At the start of the experiment, the scientists, using dental floss nooses on the ends of 10-foot poles, caught all lizards and carefully measured their hind-limbs. After the first six months, their predictions held up. The average leg length of survivors was 2 percent longer than those that were killed. After a year, leg length was 3 percent shorter. The changes were small in absolute terms but statistically very large, said R. Brian Langerhans, a graduate student with Losos.
But if biologists can get better at predicting evolution, it could have applications for areas in which humans are altering the environment and causing evolutionary pressures themselves, Langerhans said. Stanford University ecologist Stephen Palumbi has estimated a $50 billion "evolution bill" associated with the antibiotic and pesticide resistance that bacteria, weeds and insects have evolved in medicine and agriculture.

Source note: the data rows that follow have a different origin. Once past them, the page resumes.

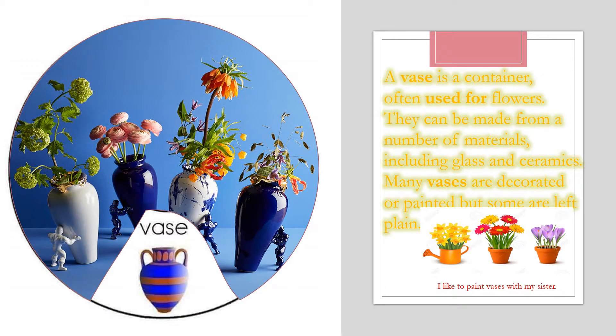Now I'm going to talk about vase. A vase is a container often used for flowers. They can be made from a number of materials, including glass and ceramic. Many vases are decorated or printed, but some are left plain. Now can you put vase in a sentence, please? I like to paint vases with my sister. Awesome!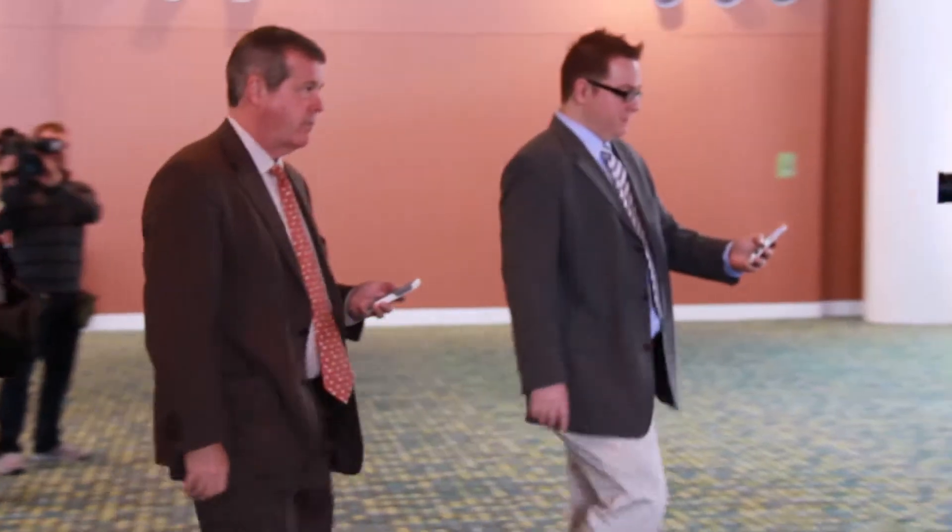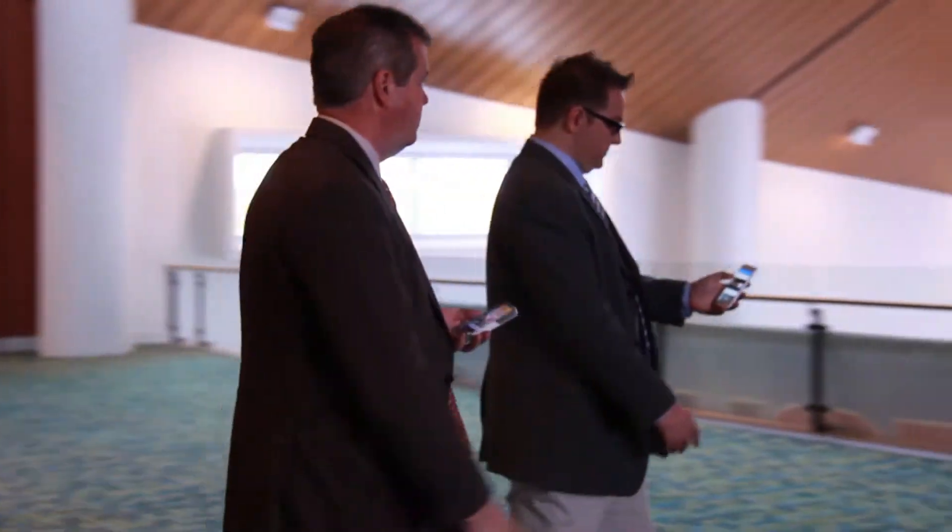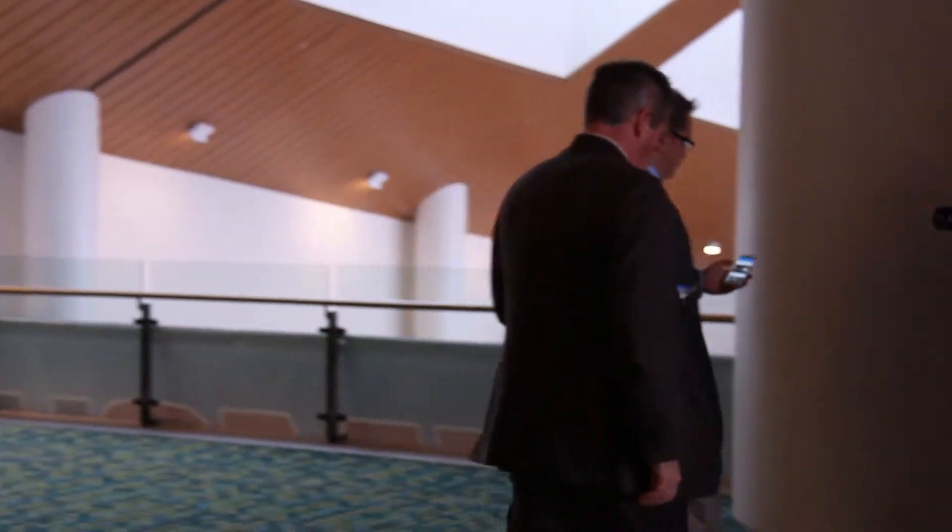I'm thrilled to announce today that the Music City Center Wayfinding app is now available for both iPhones and Android phones. This is a big deal. The Music City Center is a 1.2 million square foot building.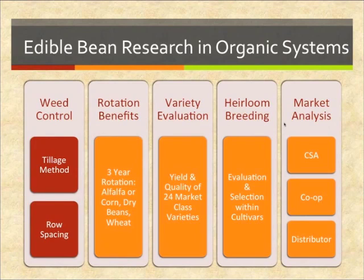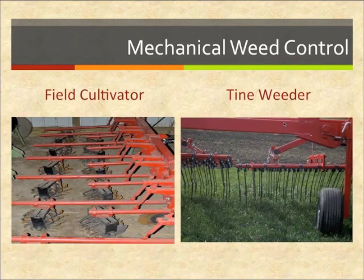Research is being conducted at university research sites as well as on-farm sites, investigating the different effects of these characteristics by evaluating management practices as well as different bean varieties — both market class and heirloom beans. The different research projects include weed control, rotation benefits, variety evaluation, heirloom breeding, and a market analysis of dry beans in Minnesota.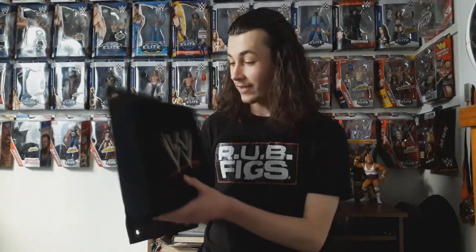So this means this is a top turnbuckle. The amount of superstars who have probably touched this is insane. Undertaker was wrestling Kurt Angle and Mark Henry on that show, so he probably touched this at one point.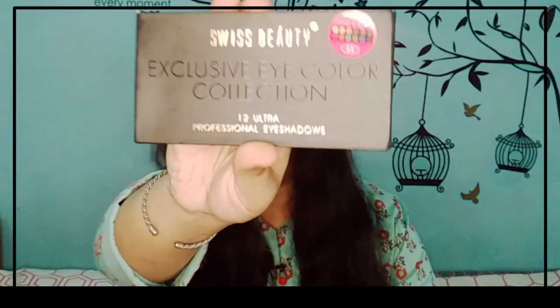The first product I have purchased is an eyeshadow palette. I have used Swiss Beauty's eyeshadow palette before and I really like the pigmentation it provides, so I have purchased it again. These are 12 shades and they are really good. My palette number is 05. This is a very beautiful palette — I will show you in a different video.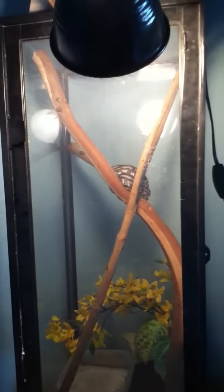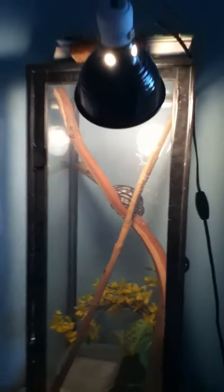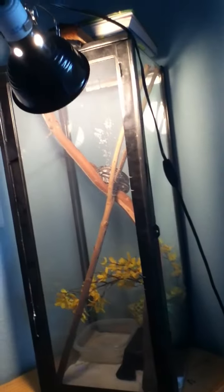Hey YouTube, just thought I'd make a video today. I just reset my coastal carpet python's enclosure. It was a 30 gallon and I just flipped it sideways and I put a couple branches in it.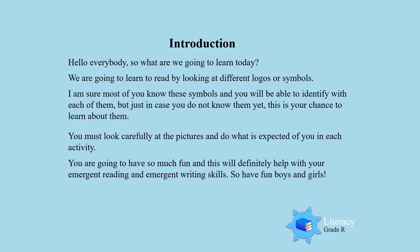Hello everybody! So what are we going to learn today? I am sure you are going to learn a lot, and this activity is going to be very, very exciting. We are going to learn to read by looking at different logos or symbols.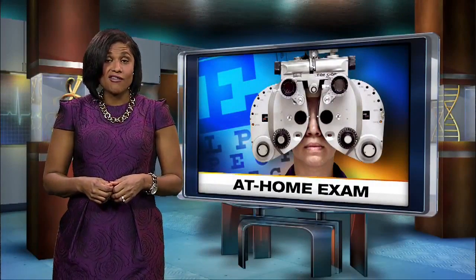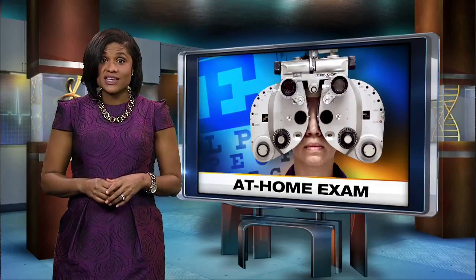Imagine getting an eye exam and a prescription for new glasses or contacts without ever leaving your home. New technology offers do-it-yourself eye exams using just a laptop and your smartphone. But these tests are having some eye professionals seeing red.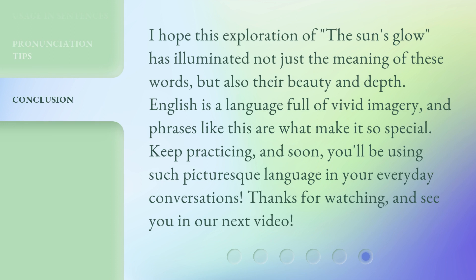I hope this exploration of 'The Sun's Glow' has illuminated not just the meaning of these words, but also their beauty and depth. English is a language full of vivid imagery, and phrases like this are what make it so special. Keep practicing, and soon you'll be using such picturesque language in your everyday conversations. Thanks for watching, and see you in our next video.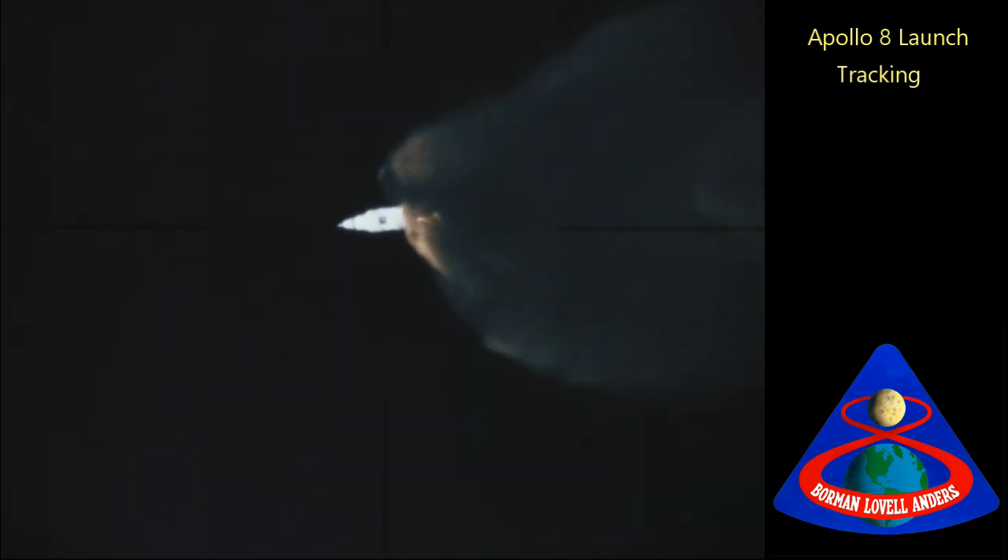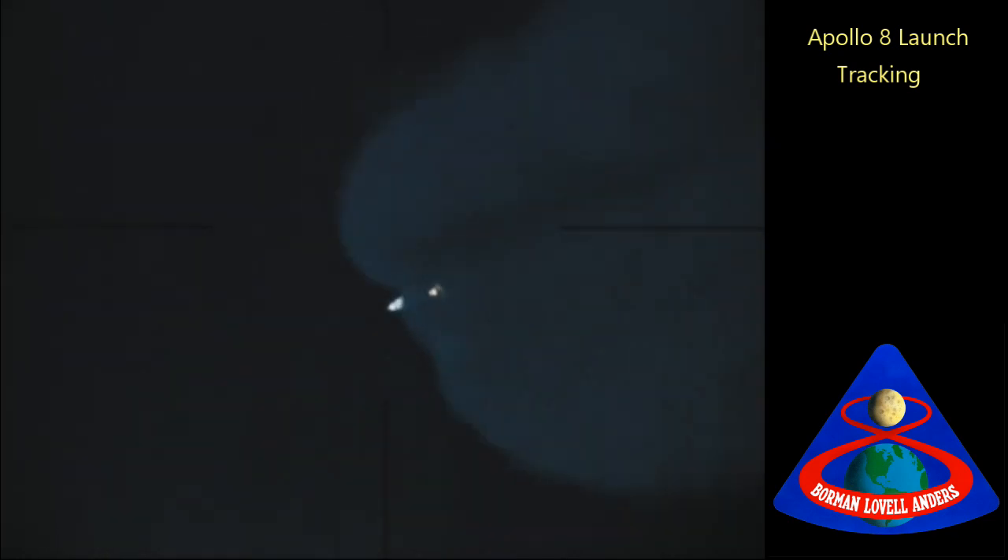The crew has been given a go for staging. Inboard out on time, Frank Borman says — the inboard engines. Two minutes, twenty-five seconds.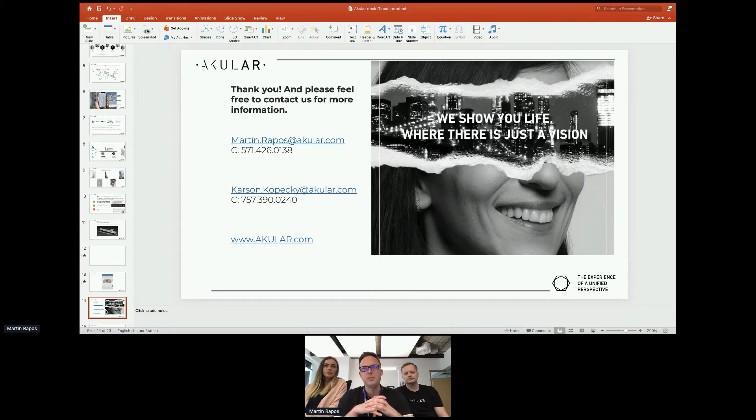That pretty much wraps up what we do. As I said, I have Martin here with me from the industrial real estate space. Martin, can you share a little bit of your experience with industrial real estate? It's a hot topic in PropTech at the moment — it's a big market, growing fast, and we are working with most of the leaders in the market on their innovations and digital strategies.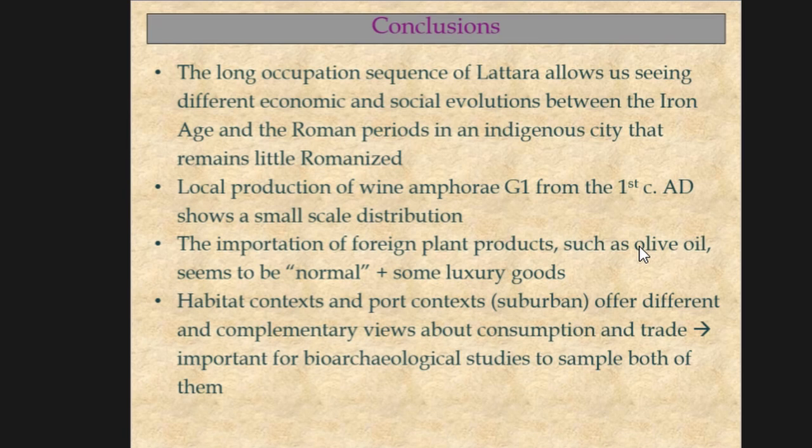The importation of foreign plants or plant products during Roman times seems to follow the tendency of other indigenous sites in Languedoc. The presence of exotic or luxury goods is not very abundant, which leads us to think that Latara is little Romanized, as it doesn't present the same characteristics as contemporary cities like Narbonne, Nîmes, or Arles. Finally, we would like to draw attention to the importance of sampling diversified contexts — urban, suburban, habitat, and others — because they offer different and complementary data to understand the whole economic and social issues of a site.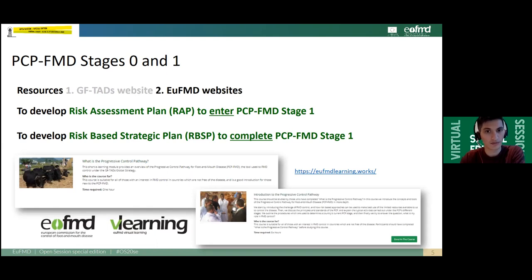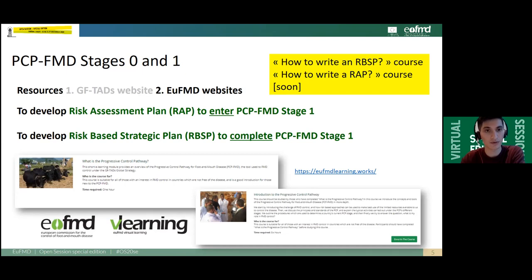Another useful source of resources is the EUFMD Virtual Learning website, where you will be able to access two short open access e-learning courses on the PCP: the first being 'What is the Progressive Control Pathway?' and the second being 'An Introduction to the Progressive Control Pathway.' In addition, two further courses will be developed: one on how to write an RBSP, soon available on the virtual learning platform, and one on how to write a risk assessment plan, available early 2021.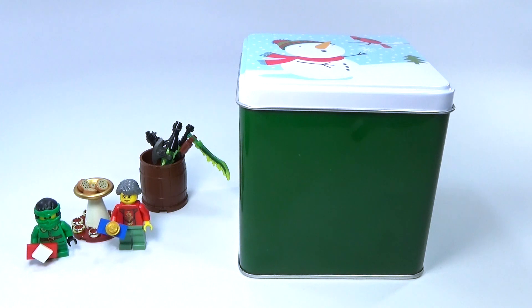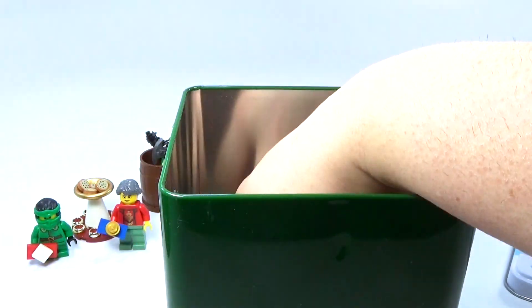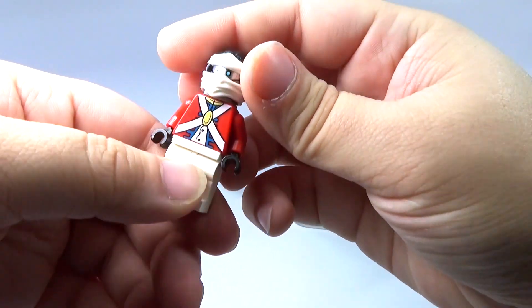Hey guys, Rick Wayne back here again with day number five of my custom Lego Ninjago advent calendar. Let me go ahead and open up day number five — we have Zane here, a little wind-up toy version of Zane it looks like.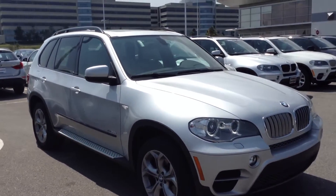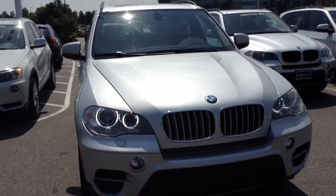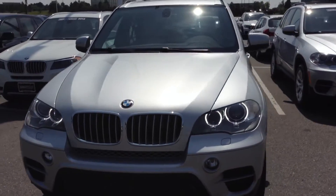Hi McKenzie. Jeff Tucker here at ChampionW. I want to send you a quick video of the X5 you emailed about. I did take a good look around — it looks like a nice car. Keep in mind, it is certified, so it has to pass our inspection.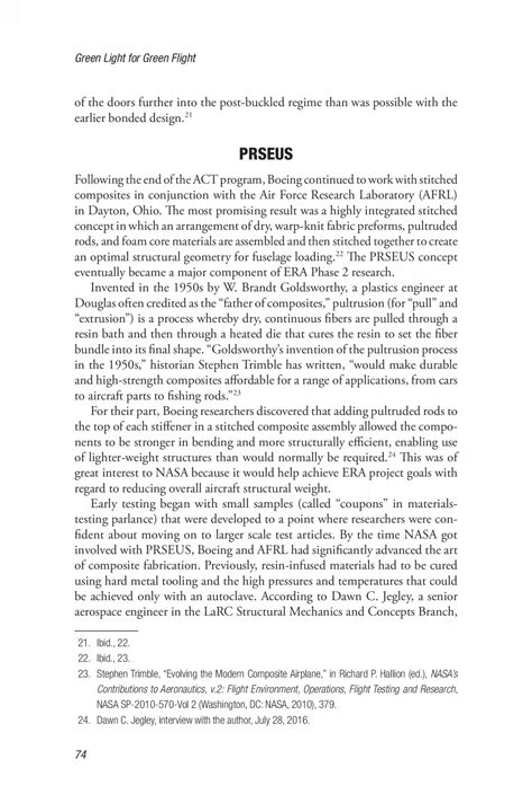Following the end of the ACT program, Boeing continued to work with stitched composites in conjunction with the Air Force Research Laboratory (AFRL) in Dayton, Ohio. The most promising result was a highly integrated stitched concept in which an arrangement of dry, warp-knit fabric preforms, pultruded rods, and foam core materials are assembled and then stitched together to create an optimal structural geometry for fuselage loading. The Perseus concept eventually became a major component of ERA Phase II research. Invented in the 1950s by W. Brandt Goldsworthy — a plastics engineer at Douglas often credited as the father of composites — pultrusion (for pull and extrusion) is a process whereby dry, continuous fibers are pulled through a resin bath and then through a heated die that cures the resin to set the fiber bundle into its final shape. Goldsworthy's invention would make durable and high-strength composites affordable for a range of applications, from cars to aircraft parts to fishing rods.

Now, about survival pressures and growing spines on the Beltway...
NOTE I found this amazing, wonderful, inspirational story in the Times print edition but oddly, or not, I couldn't find it in the online edition. And oddly, or not, Google News showed that very few newspapers (7, to be exact). When I Googled the news on "miracles," I got 1800 hits. Some of them were about merely metaphorical miracles, of course, but still. Who's under seige in this country? Who controls the public square? Science, or the religious loons? Based on this totally unscientic survey, I think I can guess the answer.